В этот вечер Делия уснула с улыбкой. Один гештальт закрылся. Теперь вновь есть силы бороться за планету.

Искушение

Я немножко, немножко устала. Но никак не могу умереть. А тебе всё мало и мало — заставляешь собою болеть.

Нас всех с детства учили милосердию и состраданию: помоги бездомным животным, переведи бабушку через дорогу, помоги маме занести пакеты с продуктами, дай монету бродяге на паперти. Нас всех учили быть добрыми и высокоморальными: не воруй, не издевайся над одноклассниками, не ставь себя выше других, не убивай. Вот только его ничему подобному не учили.

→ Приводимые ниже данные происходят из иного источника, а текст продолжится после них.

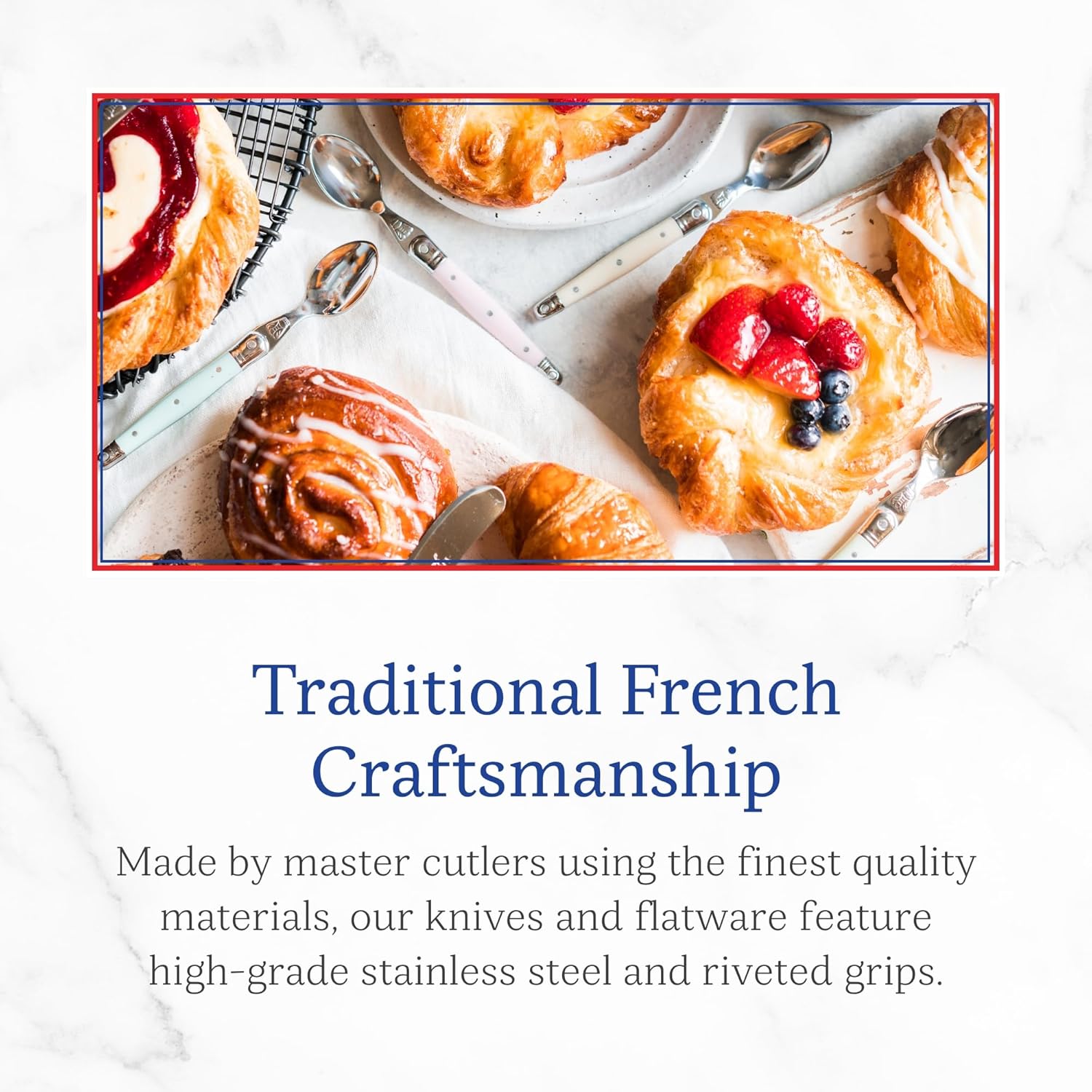 Jean Dubost Laguiole Wine Waiter, Light Horn Handle - Rust-Resistant Stainless Steel - Includes Slide-Top Box - Made in France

Он вырос в богатой, почитаемой семье. Их чету уважали, с ними заискивали, им открыто льстили, им целовали ноги при желании. И наконец, им всегда было позволено чуть больше.

Мать всегда внушала Дарену, что он особенный. Идеальный. Мама была моделью, папа — мультимиллионером, который был старше жены на двадцать лет, впрочем, умудряясь соответствовать ей внешне. Всё по классике. Джессика не раз говорила сыну, что, окажись он хоть на йоту уродливее, та просто избавилась бы от него. Но мальчик был неотразим: мраморная кожа, пухлые губы, хорошо сложенное тело с самого детства. Его родители были жуткими достиженцами, к тому же помешанными на прекрасном. Дом всегда должен быть чистым, цветы всегда должны быть свежими, слуги всегда должны быть красивыми. Нужно уточнить, что не обделённые интеллектом мама и папа, помимо внешней красоты, ценили и ум. Отчего с ранних лет у малыша Дарена были самые лучшие в своём деле гувернантки. Парню внушали, что он выше простой челяди, не видящей в двойках и потёртых джинсах ничего ужасного. Позитивно подкрепляли унижение недостойных и не жалели денег на его карьеру. У безупречных родителей должен быть соответствующий сын. Избалованный и залюбленный, он не терпел и малейшего неодобрения своих действий, крича на учителей за небольшое исправление в тетрадке. Дарен привык быть первым, единственным и неповторимым. Вот только под крылышком у родственников вечно не просидишь, а жалкие людишки вовсе не похожи на Джессику и Альберта. Нужно сказать, что обычно дети, выросшие в таких условиях, боятся родительского порицания, опасаются не оправдать чужие надежды, прячутся под маской величия. Но мистер Кинг не боялся ни того, ни другого. Будучи психопатическим типом личности, актёр не чувствовал ничего, кроме гнева, если кто-то не признавал его превосходства. Особенно тяжело было понять и принять социальные нормы. В своё время многие старшие объясняли ему, как поступать можно и как нельзя. Слово нельзя обычно было катализатором ко всему антисоциальному, что он когда-либо делал. Наркотики, насилие, грабёж, убийства. В шоу-бизнесе, благо, всё было дозволено при должных связях и деньгах. Когда Кинг понял, что не способен на сочувствие, не способен поставить себя на место другого человека, немного растерялся и даже попытался разобраться в своей природе, но решив, что так даже лучше, перестал отягощать себя правилами, навязанными обществом. Он не лицемер, как остальные. Захотел — взял, без оправданий. Просто потому, что он лучший. Милашка Делия считает, что у любого плохиша есть свои изломы, сделавшие его таким, но у Дарена их не было, он просто мудак, чем и гордится.